The earthquake-affected north of Japan is home is home to factories belonging to several carmakers, including Toyota. Damage to the area makes supply shortages a possibility. In all, the company produces about two-fifths of its vehicles in Japan and exports more than half of them. Predictably, the price of its shares, and rival Honda’s, have fallen 16 per cent and 13 per cent respectively since the quake struck. Across Japan, many supply chains are in shock. About one-fifth of Japanese steel production capacity has been affected, and disruption to the production of component parts (including computer chips, touch screens, and semiconductor equipment) is certain.
As long as power remains inconsistent and transport links are broken, supply chain disruptions will hurt Japanese companies. But their customers around the globe should not panic just yet. Even if some dealerships, for example, experience shortages, in most cases plenty of other underutilised manufacturers are keen to fill the gap.

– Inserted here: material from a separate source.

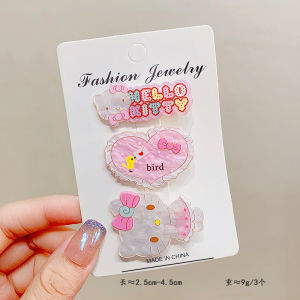 Jedai Sanrio Kuromi Jepitan Rambut Jepit Rambut Perempuan set isi 3 pcs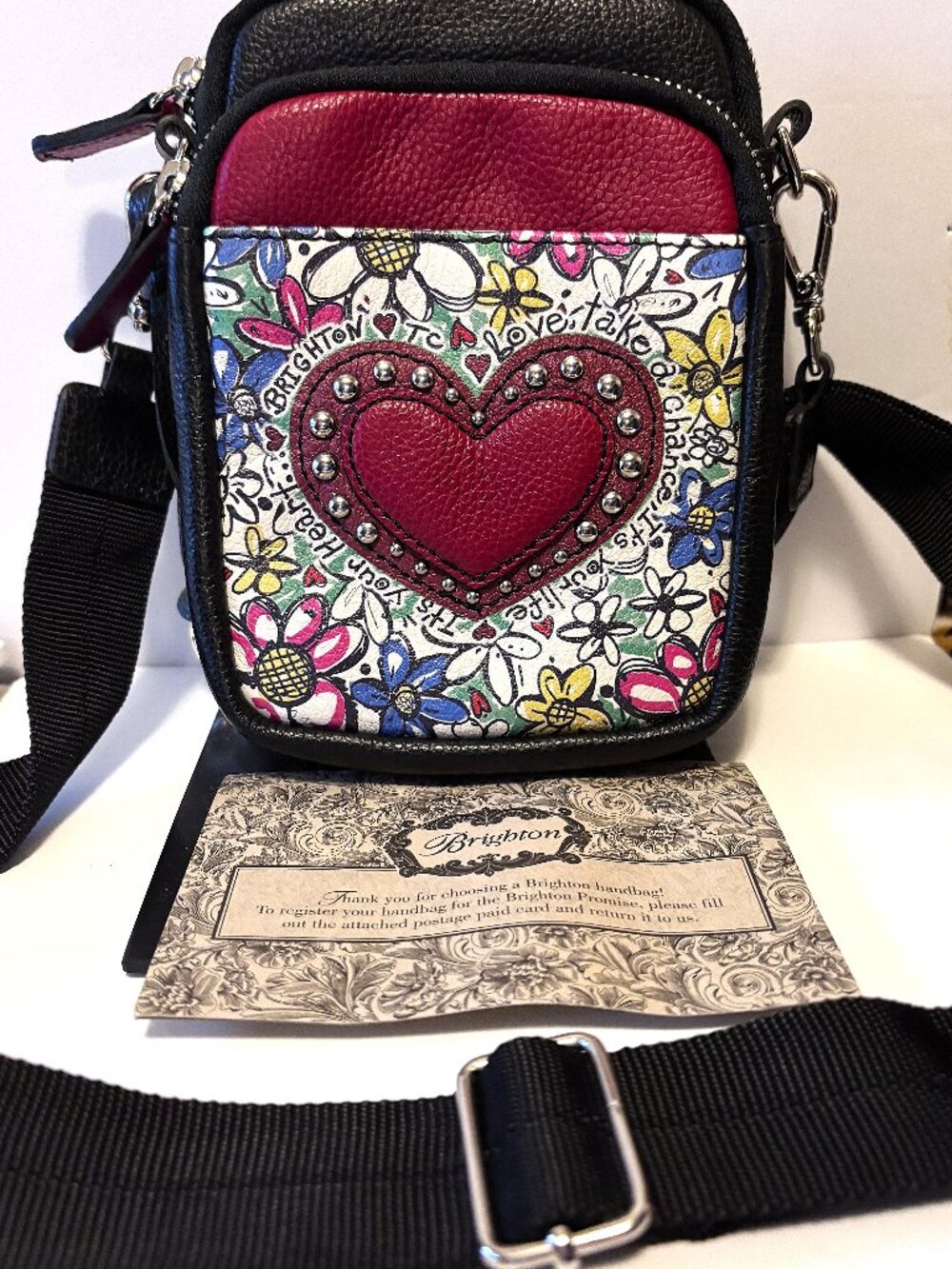 Brighton Scribble Garden Mini Crossbody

For corporate purchasers of Japanese stuff, the timing of the earthquake could have been worse. Inventory levels, which provide a buffer against stock shortages, have now normalised after the crisis-inspired inventory-burn, so gaps of a few weeks are mostly tolerable. TSMC of Taiwan, the world’s largest maker of semiconductors, relies on Japanese parts but holds a 30-day stockpile of key materials. If the tragedy had struck last year when inventory was being rebuilt, a supply shock would have been more disruptive.